> [WORK TO COMPLETE]:
The answer should consist of each line from the data below that includes "Style".

> [EXERCISE MATERIALS]:
:::::

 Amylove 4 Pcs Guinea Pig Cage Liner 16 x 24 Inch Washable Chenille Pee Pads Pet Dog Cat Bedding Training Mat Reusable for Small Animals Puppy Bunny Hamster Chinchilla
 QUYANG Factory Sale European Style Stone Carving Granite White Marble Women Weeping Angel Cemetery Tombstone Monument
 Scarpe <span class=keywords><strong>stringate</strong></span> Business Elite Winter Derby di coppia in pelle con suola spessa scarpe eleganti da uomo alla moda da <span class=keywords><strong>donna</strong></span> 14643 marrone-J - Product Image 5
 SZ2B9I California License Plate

:::::

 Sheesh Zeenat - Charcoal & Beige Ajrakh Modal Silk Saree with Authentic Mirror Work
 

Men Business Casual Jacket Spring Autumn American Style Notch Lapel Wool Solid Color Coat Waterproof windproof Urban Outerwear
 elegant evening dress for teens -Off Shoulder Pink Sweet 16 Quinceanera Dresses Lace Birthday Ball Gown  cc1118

:::::

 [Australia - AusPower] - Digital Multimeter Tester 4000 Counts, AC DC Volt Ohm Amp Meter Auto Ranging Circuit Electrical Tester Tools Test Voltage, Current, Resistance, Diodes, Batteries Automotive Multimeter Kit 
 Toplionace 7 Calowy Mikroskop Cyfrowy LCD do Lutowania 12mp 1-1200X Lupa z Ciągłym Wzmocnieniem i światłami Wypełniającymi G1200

:::::

> [ANSWER SPACE]:
 QUYANG Factory Sale European Style Stone Carving Granite White Marble Women Weeping Angel Cemetery Tombstone Monument
Men Business Casual Jacket Spring Autumn American Style Notch Lapel Wool Solid Color Coat Waterproof windproof Urban Outerwear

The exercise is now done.